- What the task requires
Nothing past the line containing "You go in polygon" belongs in the output. Copy exactly every line of the data below from the first up to and including it.
Content starts
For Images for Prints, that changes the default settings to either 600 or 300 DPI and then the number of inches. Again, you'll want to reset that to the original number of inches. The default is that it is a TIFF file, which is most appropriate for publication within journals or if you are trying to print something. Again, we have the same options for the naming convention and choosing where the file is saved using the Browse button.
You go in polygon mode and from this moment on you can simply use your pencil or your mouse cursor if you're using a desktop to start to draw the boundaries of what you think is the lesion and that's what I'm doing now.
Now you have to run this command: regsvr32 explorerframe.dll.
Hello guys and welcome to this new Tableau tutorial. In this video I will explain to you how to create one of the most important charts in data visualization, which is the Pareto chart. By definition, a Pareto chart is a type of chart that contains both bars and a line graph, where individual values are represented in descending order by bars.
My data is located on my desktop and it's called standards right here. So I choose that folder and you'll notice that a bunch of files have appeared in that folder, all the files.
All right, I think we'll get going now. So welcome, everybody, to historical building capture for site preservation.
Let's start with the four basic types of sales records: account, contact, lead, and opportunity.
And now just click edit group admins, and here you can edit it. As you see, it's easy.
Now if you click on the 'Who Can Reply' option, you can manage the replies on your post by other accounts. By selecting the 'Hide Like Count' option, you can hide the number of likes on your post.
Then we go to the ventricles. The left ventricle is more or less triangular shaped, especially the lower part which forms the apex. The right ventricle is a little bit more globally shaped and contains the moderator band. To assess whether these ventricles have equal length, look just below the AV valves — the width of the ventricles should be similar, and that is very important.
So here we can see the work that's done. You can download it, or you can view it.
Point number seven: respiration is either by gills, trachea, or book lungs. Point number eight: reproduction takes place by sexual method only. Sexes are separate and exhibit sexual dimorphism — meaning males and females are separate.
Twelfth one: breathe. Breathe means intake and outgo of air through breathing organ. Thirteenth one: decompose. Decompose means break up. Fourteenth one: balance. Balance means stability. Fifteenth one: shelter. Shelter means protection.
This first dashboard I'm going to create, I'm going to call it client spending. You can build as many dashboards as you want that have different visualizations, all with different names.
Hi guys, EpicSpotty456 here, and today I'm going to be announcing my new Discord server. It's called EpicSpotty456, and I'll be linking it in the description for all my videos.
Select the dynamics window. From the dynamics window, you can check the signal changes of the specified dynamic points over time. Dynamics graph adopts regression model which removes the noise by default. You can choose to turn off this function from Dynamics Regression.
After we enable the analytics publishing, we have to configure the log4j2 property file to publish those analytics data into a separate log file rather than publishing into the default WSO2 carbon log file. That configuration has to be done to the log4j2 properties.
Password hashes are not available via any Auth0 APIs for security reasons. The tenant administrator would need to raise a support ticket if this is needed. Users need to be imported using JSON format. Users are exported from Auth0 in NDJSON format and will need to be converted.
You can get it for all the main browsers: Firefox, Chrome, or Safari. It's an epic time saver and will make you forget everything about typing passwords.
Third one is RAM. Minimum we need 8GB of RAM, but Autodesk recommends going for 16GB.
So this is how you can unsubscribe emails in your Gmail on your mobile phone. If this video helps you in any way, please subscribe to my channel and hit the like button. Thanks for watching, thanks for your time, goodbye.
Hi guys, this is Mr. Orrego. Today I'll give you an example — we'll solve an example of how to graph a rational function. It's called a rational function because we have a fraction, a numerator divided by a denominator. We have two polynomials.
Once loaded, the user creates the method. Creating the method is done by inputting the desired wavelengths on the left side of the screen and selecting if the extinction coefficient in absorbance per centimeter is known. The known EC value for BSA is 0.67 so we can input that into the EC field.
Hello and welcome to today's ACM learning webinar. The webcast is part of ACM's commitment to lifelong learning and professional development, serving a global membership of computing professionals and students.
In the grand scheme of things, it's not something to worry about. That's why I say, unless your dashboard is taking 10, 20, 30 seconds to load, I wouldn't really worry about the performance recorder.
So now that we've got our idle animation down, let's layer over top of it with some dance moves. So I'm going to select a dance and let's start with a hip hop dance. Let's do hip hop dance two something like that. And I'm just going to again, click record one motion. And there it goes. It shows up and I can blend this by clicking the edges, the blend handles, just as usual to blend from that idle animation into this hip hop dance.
Content ends
- Task answer
For Images for Prints, that changes the default settings to either 600 or 300 DPI and then the number of inches. Again, you'll want to reset that to the original number of inches. The default is that it is a TIFF file, which is most appropriate for publication within journals or if you are trying to print something. Again, we have the same options for the naming convention and choosing where the file is saved using the Browse button.
You go in polygon mode and from this moment on you can simply use your pencil or your mouse cursor if you're using a desktop to start to draw the boundaries of what you think is the lesion and that's what I'm doing now.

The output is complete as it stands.